New DOMT method slashes regret in online hypothesis testing
A regret-based framework unveils a smarter way to balance false positives and negatives.
Online multiple testing (OMT) is critical for sequential decision-making in ML pipelines—like A/B testing or anomaly detection—where false positives and false negatives carry asymmetric costs. Traditional OMT metrics like FDR and statistical power ignore this asymmetry. In a new paper, Hao, Zhou, Kong, and Wei introduce Weighted Regret, a unified metric that properly weights the cost of errors. They prove a Duality of Regret Conservation: any purely deterministic OMT procedure that strictly controls FDR must incur linear Ω(T) regret, because threshold depletion during signal-sparse periods causes massive false negatives.
To solve this, they propose Decoupled-OMT (DOMT), a meta-wrapper that injects a non-negative random perturbation in a history-decoupled manner. This rescues deterministic baselines from threshold depletion without sacrificing asymptotic FDR control. DOMT guarantees zero additional false negatives and achieves order-optimal Ω(√T) regret reduction in bursty signal environments. The paper also derives a "Cold-Start Tax" that characterizes the exact phase transition where DOMT beats deterministic methods. Experiments confirm DOMT consistently reduces empirical weighted regret, navigating the non-stationary Pareto frontier between error types.

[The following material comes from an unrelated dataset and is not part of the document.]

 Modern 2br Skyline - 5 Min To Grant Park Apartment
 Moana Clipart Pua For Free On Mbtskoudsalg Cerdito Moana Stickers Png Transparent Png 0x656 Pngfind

- Introduces Weighted Regret metric to unify false positive and false negative costs in online multiple testing.
- Proves deterministic FDR-controlling procedures incur linear Ω(T) regret; DOMT reduces this to sublinear Ω(√T).
- DOMT preserves exact asymptotic safety and includes a rigorous finite-sample bound for cold-start scenarios.
Why It Matters
Better automated decision-making in real-time ML pipelines—fewer costly errors when signals are sparse.